Received the blow of the outbreak of the "new economy bubble", between the 2000 and the 2001 (to which it could not remain a stranger since it was the land of Silicon Valley), and that of the energy crisis, which had its emblematic story in the "Enron case ", With the global financial crisis opening in the second half of the 2000 years, California entered a phase of serious difficulty that reached its peak with the mandates of Republican governor Arnold Schwarzenegger (from 2003 to 2011), whose management has almost "Finished" the state budget bringing it to the brink of bankruptcy.

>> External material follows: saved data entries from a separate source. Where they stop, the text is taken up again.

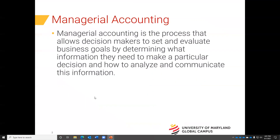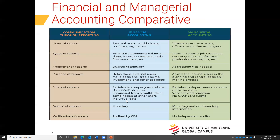So what is managerial accounting? It's the process where decision makers are allowed to set and evaluate business goals by utilizing internal information to better understand how the company is functioning from an internal perspective and how to communicate that information to its stakeholders.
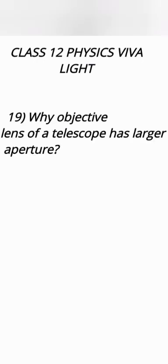Objective mirror in case of reflecting type has larger aperture to collect maximum number of rays and produce sharp image. Also the larger aperture helps for greater resolving power.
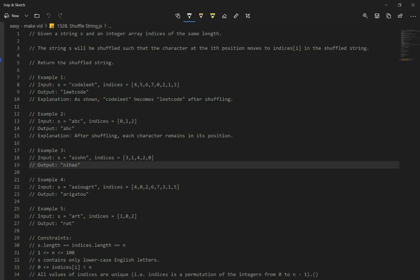Let's go over number 1528, Shuffle Strings. Given a string S and an integer array indices of the same length, the string S will be shuffled such that the character at the i-th position moves to indices[i] in the shuffled string. Return the shuffled string.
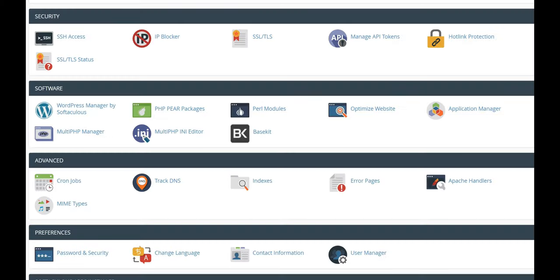Open your hosting control panel and find the PHP version control section, named something like MultiPHP Manager.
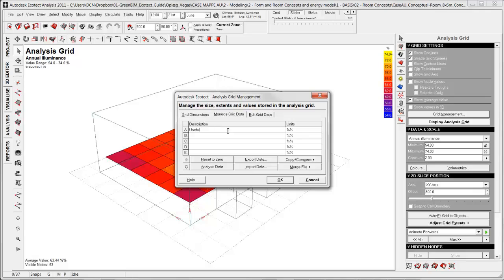Now it has imported the data and I maybe want to call it something else: useful daylight 100 to 2000 lux, so I know what it is. And I can do the same, import some of the other data in the same way, click OK.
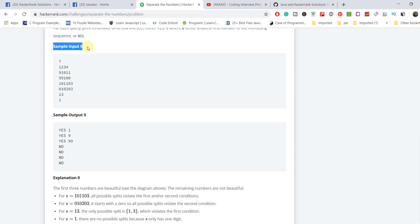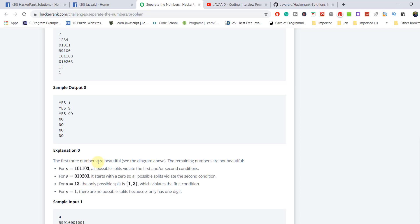There are 7 queries in the sample input. The first three strings — '1234', '91011', '99100' — are beautiful strings satisfying all constraints. So if you start with 1, it's 1, 2, 3, 4. If you start with 9, it's 9, 10, 11. If you start with 99, it's 99, 100. Here is a first-digit sequence and there is a two-digit sequence.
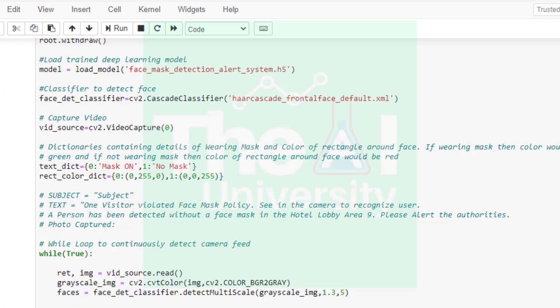In the next line we are trying to capture the live video feed by making use of OpenCV's video capture method. This will return video from the first webcam on your computer. Please ensure that the argument inside video capture function is zero. Then in the next line we are defining two dictionaries. First one is text_dict that contains details of wearing mask or not wearing mask. Here 0 and 1 are the keys and mask and no mask are the values associated with these keys. These values will be displayed on the rectangles that we are going to draw around faces once these are detected on the webcam.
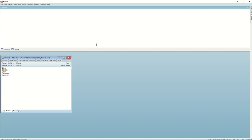Hello everyone. In this short video we will see how to use the programming language R with EViews. To use the EViews external interface to R, you must have R installed on your computer. If you do not currently have R installed, simply go to the official R website and download the latest version.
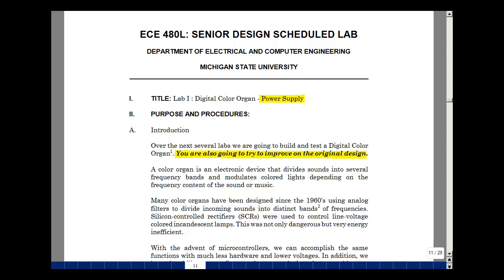A color organ is an electronic device that divides sound into several bands of frequencies and modulates color lights depending on the frequency content of the music. Color organs have been around since the 1960s, and they mostly use analog filters to divide the incoming sounds into distinct bands of frequencies. We use things called SCRs to control the line voltage that was applied to incandescent lamps.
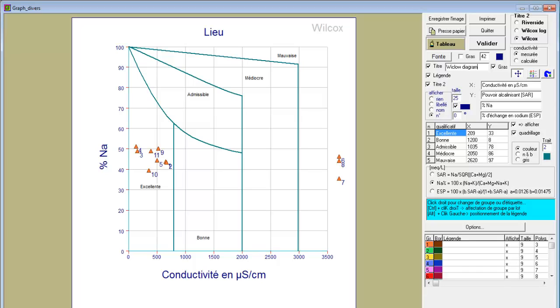If you want to see the changes, you have to click on 'Valider'—validate in French. Here we have the Wilcox diagram.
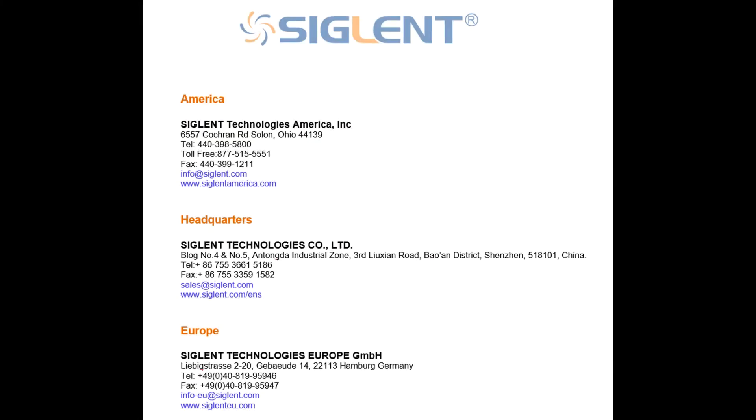And so if you do have any questions, please feel free to contact your local Siglent office. Again, I hope everybody's safe out there. Thanks again for watching and write us any time. Take care.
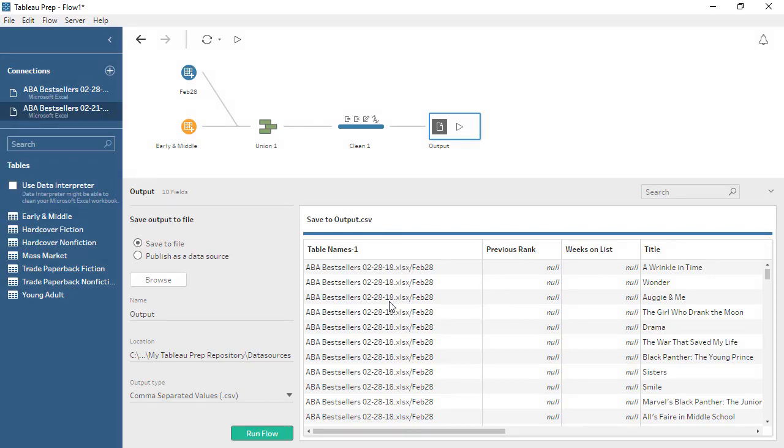Flows in Tableau Prep can be simple or complex, and each type of step has robust options. Thank you for watching this video on getting started with Tableau Prep. We invite you to continue with the other free training videos to learn more about using Tableau.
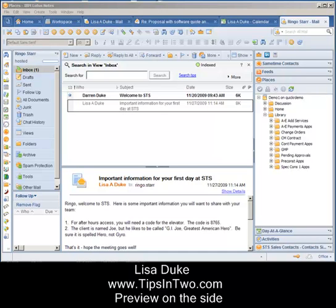A great Lotus Notes tip that you might have people in your organization ask you about is how to show the preview on the side.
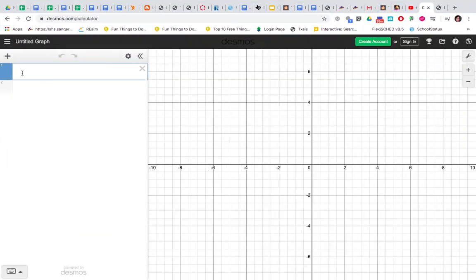So in Desmos, this number one right here is like the y equals button on your school calculator.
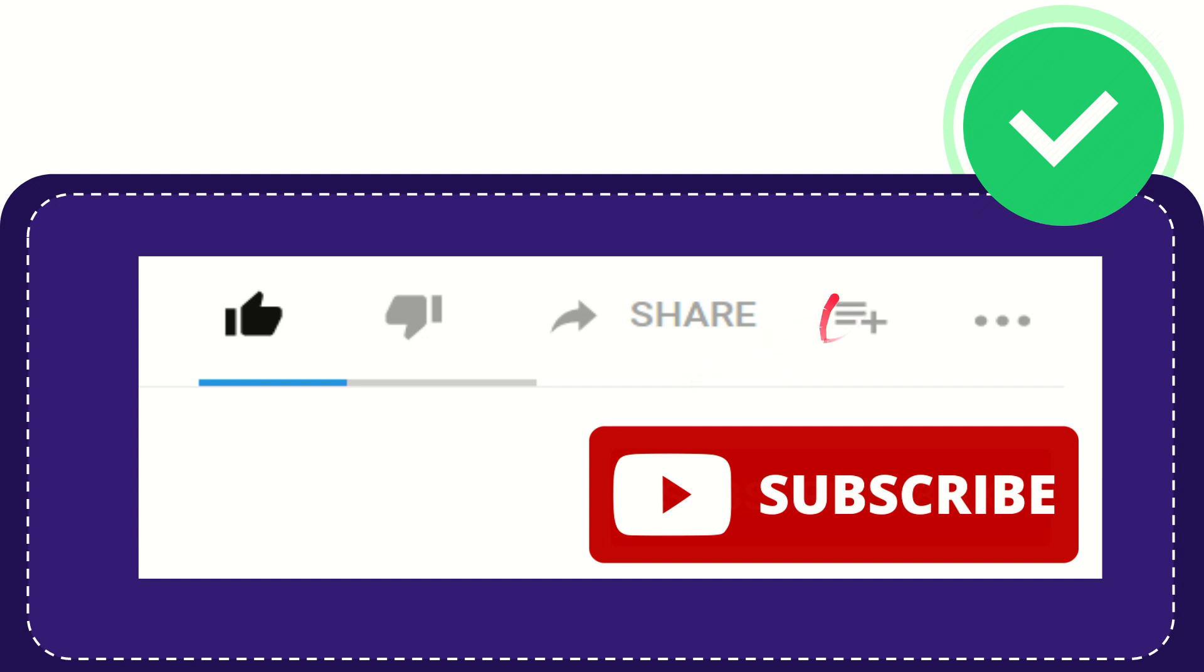And if you want to add this video to your playlist, you can click this one. You can watch this video later, and you can find more options by clicking these three dots.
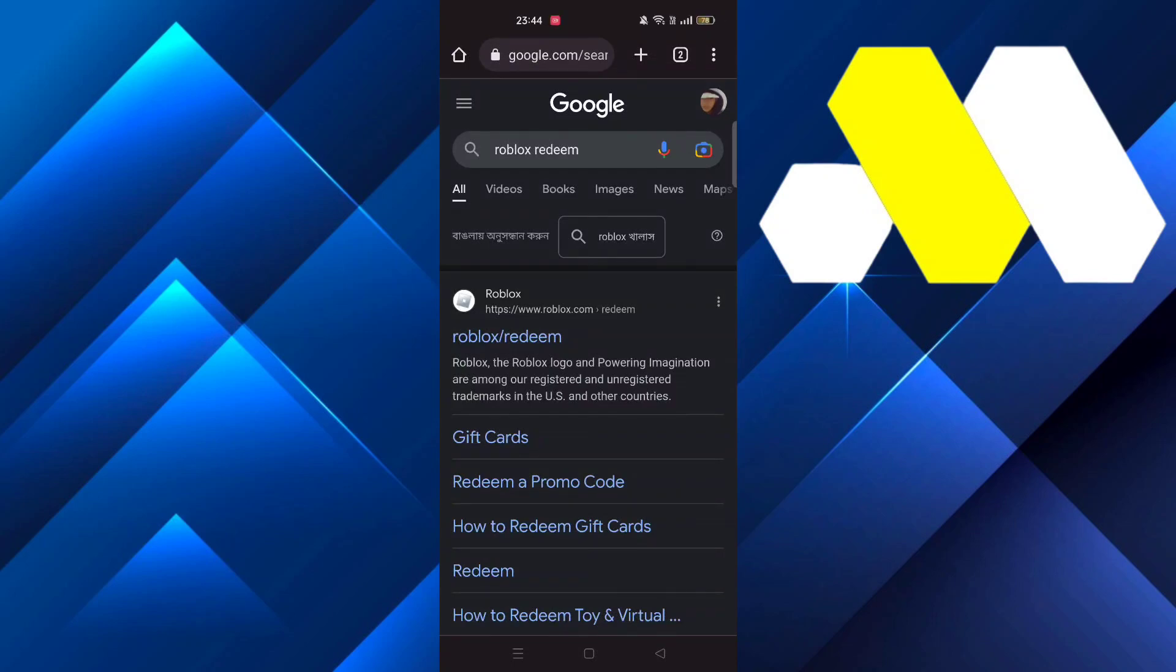Hey guys, welcome to How to Solution. In this video we're going to show you how you can redeem a gift card on Roblox. First, go to Google Chrome and search for 'Roblox redeem.'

With the return to the saddle of the Democrat Jerry Brown (photo), former governor from 1975 to 1983, a not easy turnaround began that in the 2015 (year of Brown's reconfirmation for a second mandate), saw the Californian GDP settle at 2.448 billions of dollars at current values, with growth of 4,1% over the previous year.

To highlight the economic weight reached by California, it is customary to point out that if it were an independent state it could stand as a member of the G7, and after all, with almost 40 million inhabitants, it is even more populous than Canada which has little more than 35 million. This type of argument uses an image of undoubted efficacy and is very good in terms of theoretical speculation, but we must not forget that this coastal State could not have become what it is if it had not been part of the United States of America.

The Golden State today can boast the status of a great power in great power thanks to the fact of belonging to a State whose sovereignty factors - money, financial institutions, political bodies, Armed Forces - are an emanation of a continental economic-demographic force. The growth of the latter and the political and military ascent of California and the United States, tell the story of a symbiotic relationship in which (within a collaboration-competition dynamic that is physiological for a federal political entity), some are indispensable to the other and vice versa.

This dialectical combination (which obviously in the US does not only apply to California), and its resultant, albeit with the important differences due to a unification process that involves states of much more ancient and rooted power identity, deserves careful consideration on the European, where - despite the recent "astonishing" results, and so much heralded by the "brexiters" and their acolytes, related to economic growth and employment - the alleged champions of an insular veterosovanism, risk finding themselves in the situation of the sorcerer's apprentice incapable of check the forces he invoked.

Not to mention those who, in the shadow of the Eiffel Tower, believe they are offering a return to who knows what "grandeur" promising the exit from the common European market, from the euro and from NATO's integrated military command, while it should be evident for some time how much it weighs - on the definition of an incisive foreign and security policy (management of migratory flows included) - the deficit of political centralization of the EU, which, compromising the capacity for unitary synthesis, undermines the authority of any European point of view, starting from within the Atlantic Alliance.

The individual nations of the Old Continent, without the critical mass and the shock force of a federal state that is an instrument (as an expression) of an effective Europe-power: in the framework of the international relations of the 21st century, which will always rotate more around the confrontation between great continental powers, they seem destined (more or less) to be the equivalent of the "small states" of pre-unification Italy.